Advice on Power Transistors

I’m looking to build a coilgun. I’m planning to run it at high voltage (~550V), high current for short pulses (no estimates yet, on the order of milliseconds). As such, I picked a very large and reasonably cheap IGBT to drive individual sections (datasheet). This will have to handle both closing and opening at voltage.

I learned recently that gate drivers are used to control power transistors, for better switching performance and reduced power dissipation in transition. I have a basic circuit diagram where a gate driver closes the power transistor, and the emitter drains directly to ground. Do I need another gate driver to open it? Or can ground absorb the gate charge fast enough to prevent damage? If the answer is “it depends” what do I look at to decide?
gatedrivercircuit
Thanks in advance for any advice!

You can calculate the turn off time. It’s basically an RC - gate charge is the C and the gate leakage, which they unfortunately they do not provide. Modern IGBTs are really good, so low nanoamps or picoamps. You’ll want a turn off transistor. I’d look at a dedicated gate driver IC.

A bigger problem will occur when you turn off current to the coil. It will ‘flyback’ - it’s voltage will increase trying to keep the current constant. Unless you have something in the circuit to protect it, your transistor will breakdown and proved the path to discharge the inductor.

You can prevent this with a diode of appropriate voltage and current rating across the coil in the reverse direction. When the coil flys back, the diode will provide a path for the current limiting the added voltage to the diode forward voltage drop.

I don’t know what the resulting magnetic effect is going to do to your coil-gun as it will extend the magnetic drive pulse.

Ah, thanks, forgot to include flyback protection. As for the effect on timing, it means there’s a ramp-down period after signal turn-off; I’ll have to account for this when I tune the coil. (Or just turn off early and hope for the best.)

I was considering using the flyback to recharge the power capacitor bank using an H-bridge, but that’s (a) expensive and (b) finicky so I’ll save it for later iterations.

So a turn-off transistor simply bypasses the gate leakage. That simplifies things, I don’t have to raise the emitter voltage or add -15V power supply. I’ve heard advice to drain the gate into a (much) larger capacitor, so I’ll look into it. Thanks!

I’d look at switching supply drive circuitry for examples.

I think there is a trick you can do with a rectifier bridge to recharge the cap, but it’s not a huge efficiency increase. as you still need to reset the coil core to zero or you end up saturating the inductor.

Some while back the mag Nuts & Volts did a diy single stage coil gun. They used an SCR to dump the cap bank into the coil. Might have some ideas for your project

Out of curiosity - did a search using “coil gun multi stage”. Interesting stuff out there.

Wether or not you need a negative voltage for turn off will depend on how quickly the IGBT turns off and the Cgc (miller capacitance) of the device.
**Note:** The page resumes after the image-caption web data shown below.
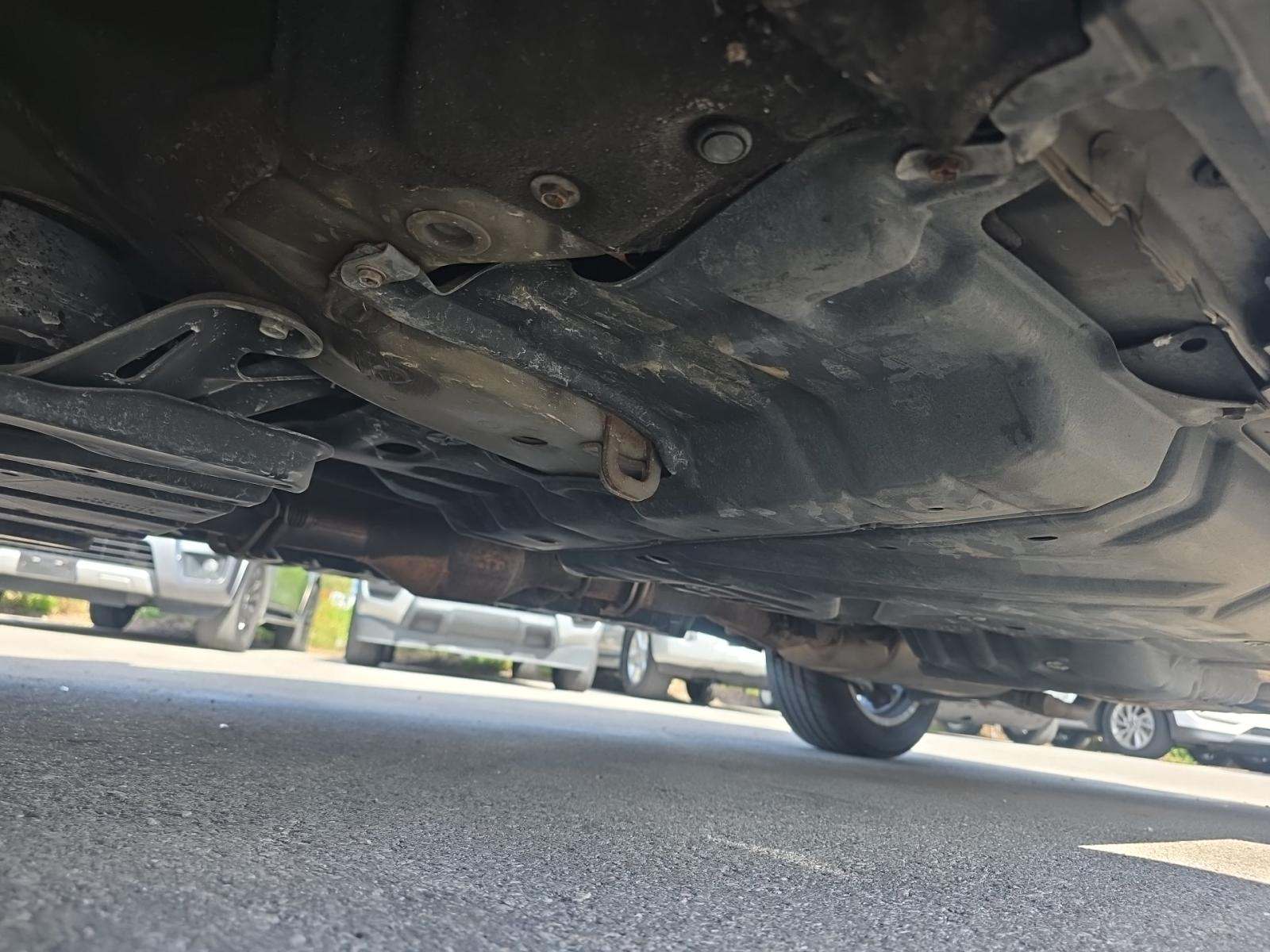 2013 Lexus RX RX 350 AWD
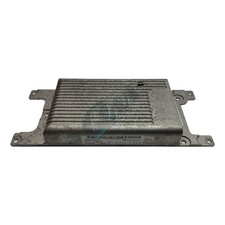 Modulo di controllo Bluetooth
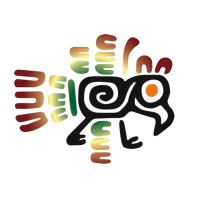 Sofia Quintero Art & Cultural Center, Inc logo - Similar company to Telemundo 23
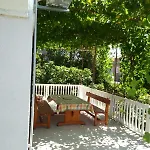 Lilys Paradise Orebić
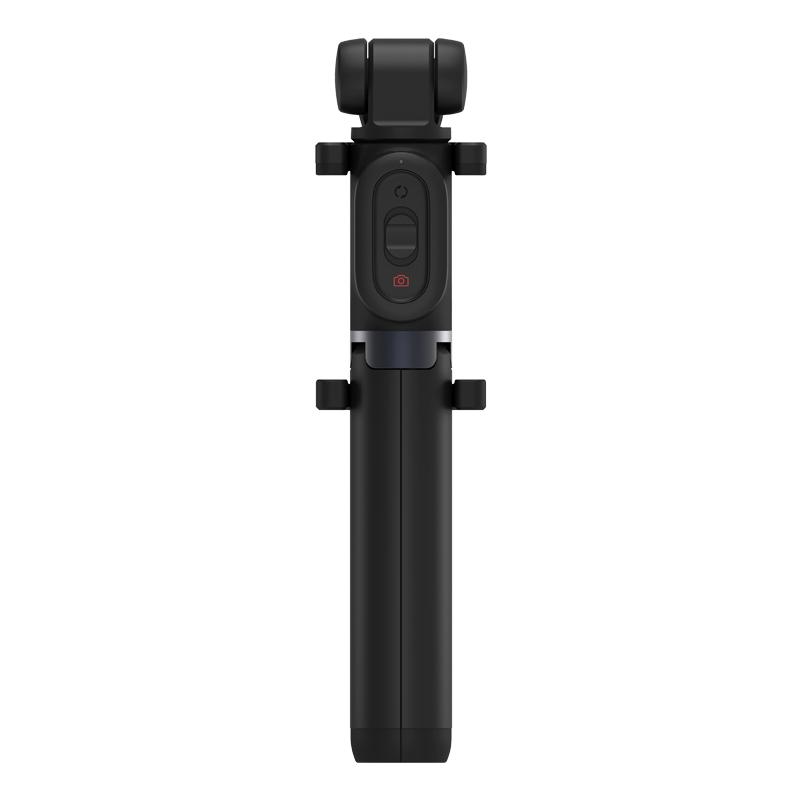 Xiaomi Mi Zoom Selfie Stick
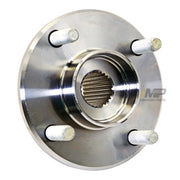 InMotion Parts Wheel Hub P/N:SPK200 - Image 4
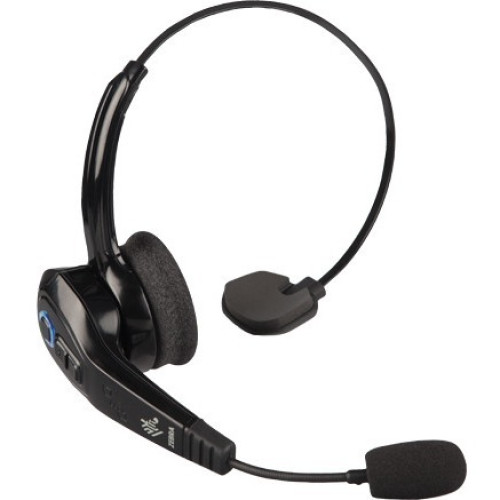 Zebra HS2100 Headset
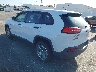 1C4PJLABXEW****** Salvamento y Reparables 2014 Jeep Cherokee en Clearwater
As the device turns off, Vce increases and that dV/dt will push charge through the miller capacitance into the gate. If the drive circuit can’t pull that charge out of the gate in time, it could turn the device partially on, burning it up, or overcharge the gate, also destroying the device.

In small, slow devices, driving the gate to ground through the gate resistance is sufficient. As you get larger or faster a negative drive voltage can be added to help sink more current, then if that’s not sufficient a driver with an active miller clamp can be used to bypass the gate resistance and connect the gate directly to the emitter. Where your design falls on this spectrum is hard to say without more analysis.
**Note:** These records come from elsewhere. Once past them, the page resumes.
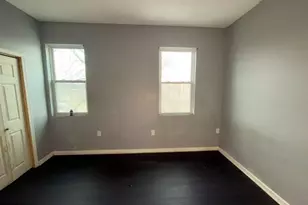 4113 N Broad St, Philadelphia, PA 19140 - Photo 4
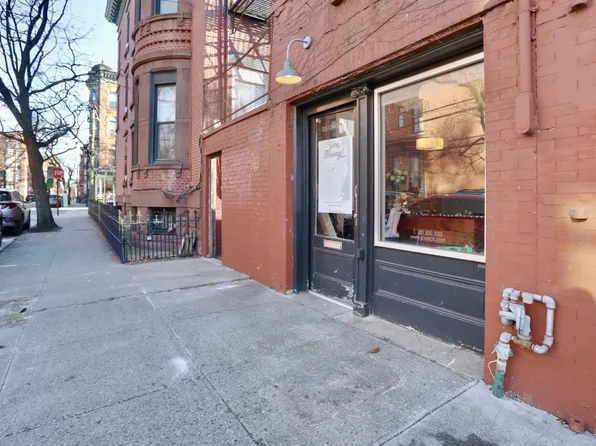 205 12th Street image 1 of 14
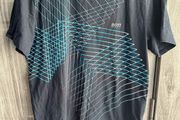 Hugo Boss Top
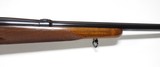 Pre 64 Winchester Model 70 30-06 - 3 of 22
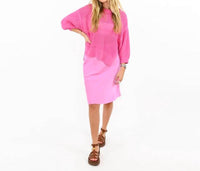 Kerri Rosenthal - Ali Middie Skirt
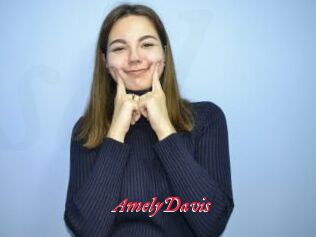 AmelyDavis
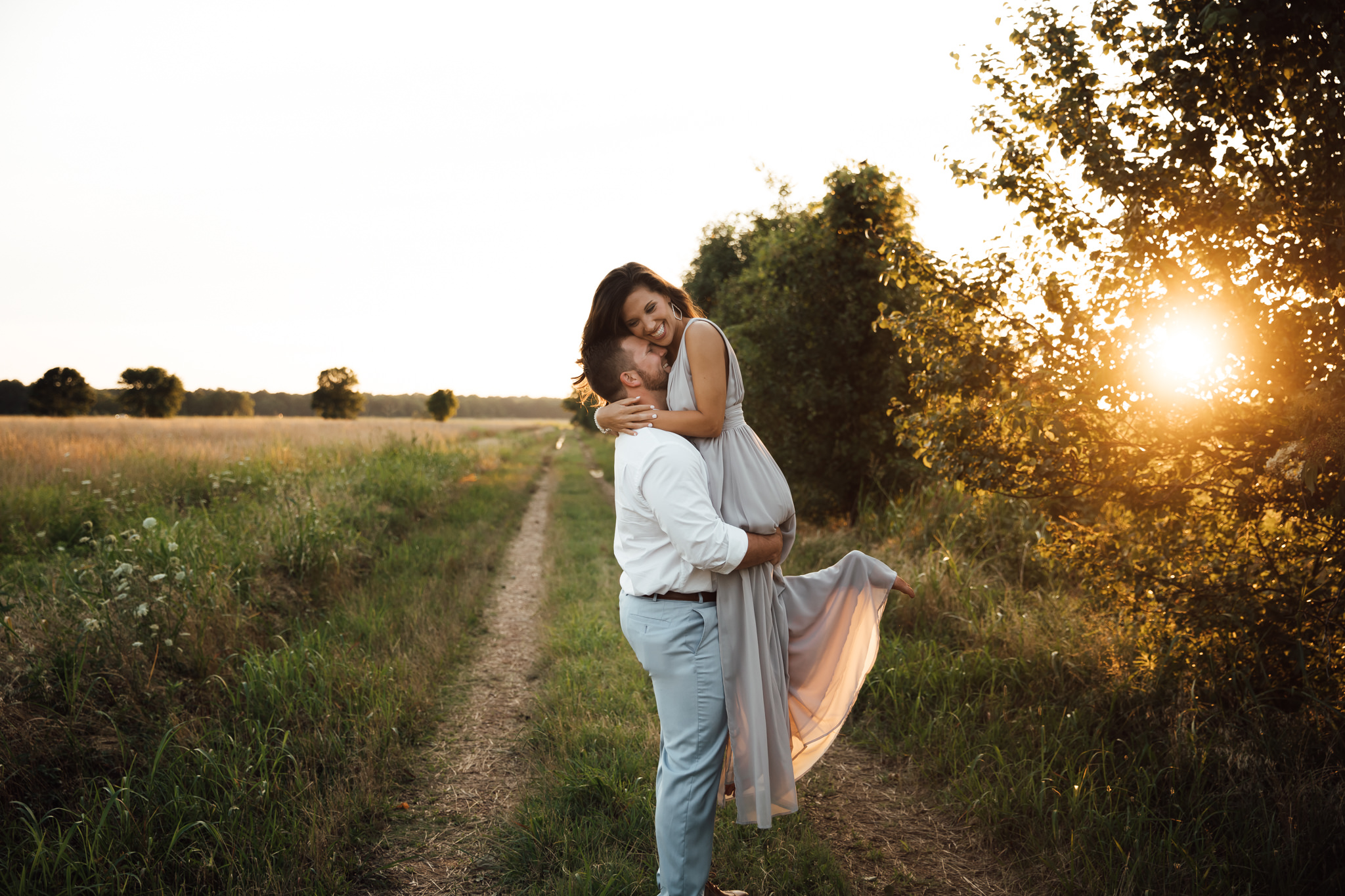 memphis-engagement-photographer-thewarmtharoundyou-69.jpg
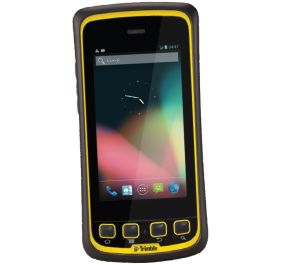 Trimble T41XLN-TYA-00 Mobile Computer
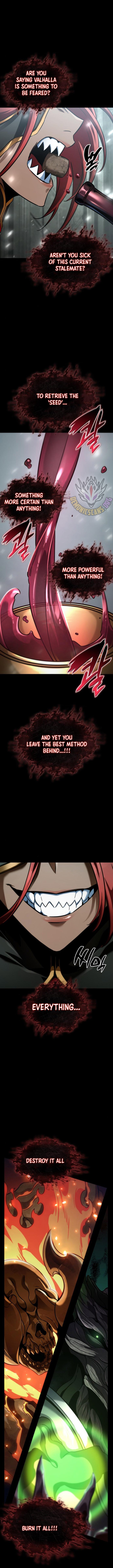 Page 2 of Chapter 26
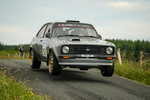 Wilton Recycling Donegal Friday Stages-132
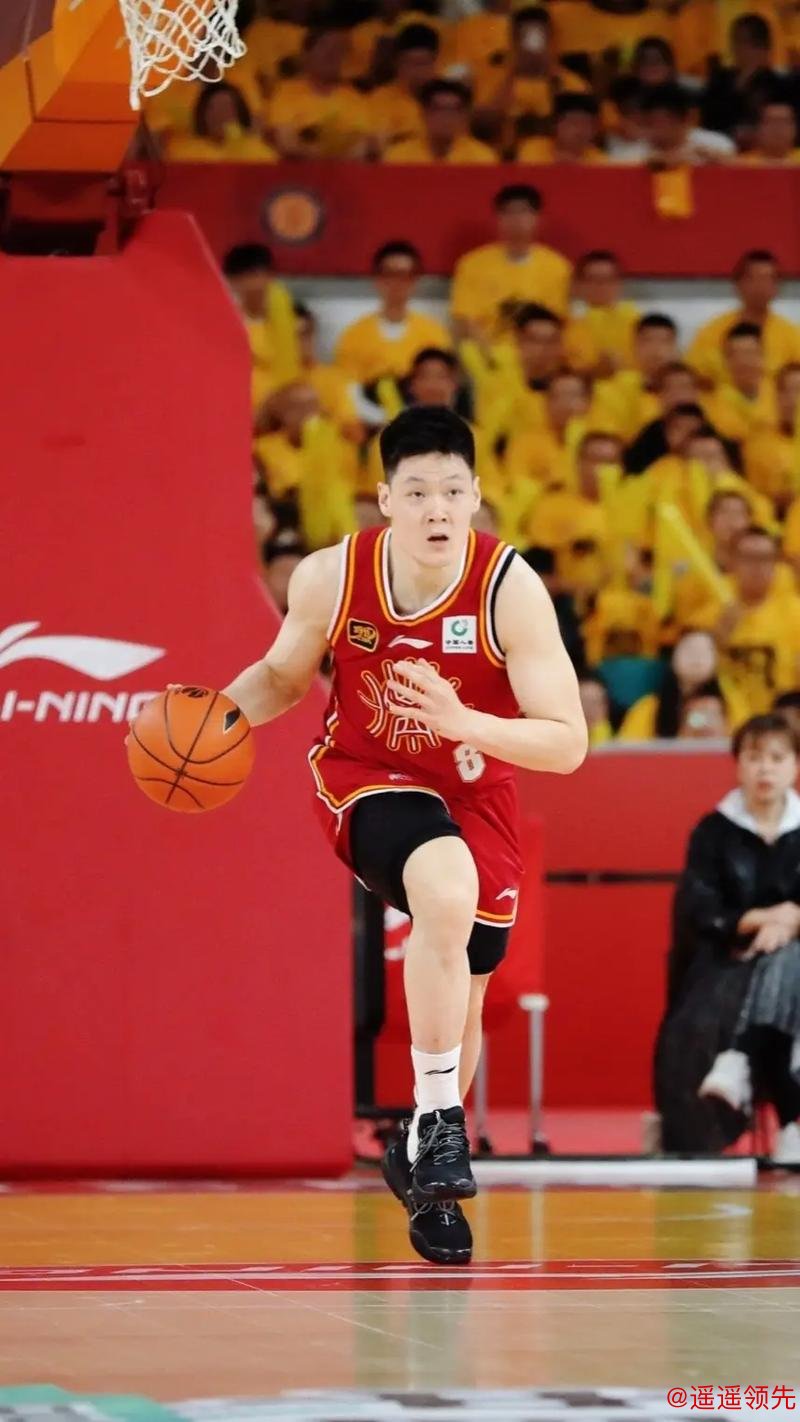 深圳男篮能否冲破连胜魔咒？张宁展现真男人风采，山西队为广东雪藏新援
I think you should jump up to a 1200v device, with a 550v DC link. There’s usually very little margin built in to Vce_max spec (our 1200v devices sustain about 1250v in avalanche), and it’s definitely not ideal in the long term to use your power devices as clamps. At high switching speeds, wiring inductance and the esl of dc capacitors can cause surprisingly significant overshoot. In my experience devices are usually only run at nominal voltages <80% of their max rating.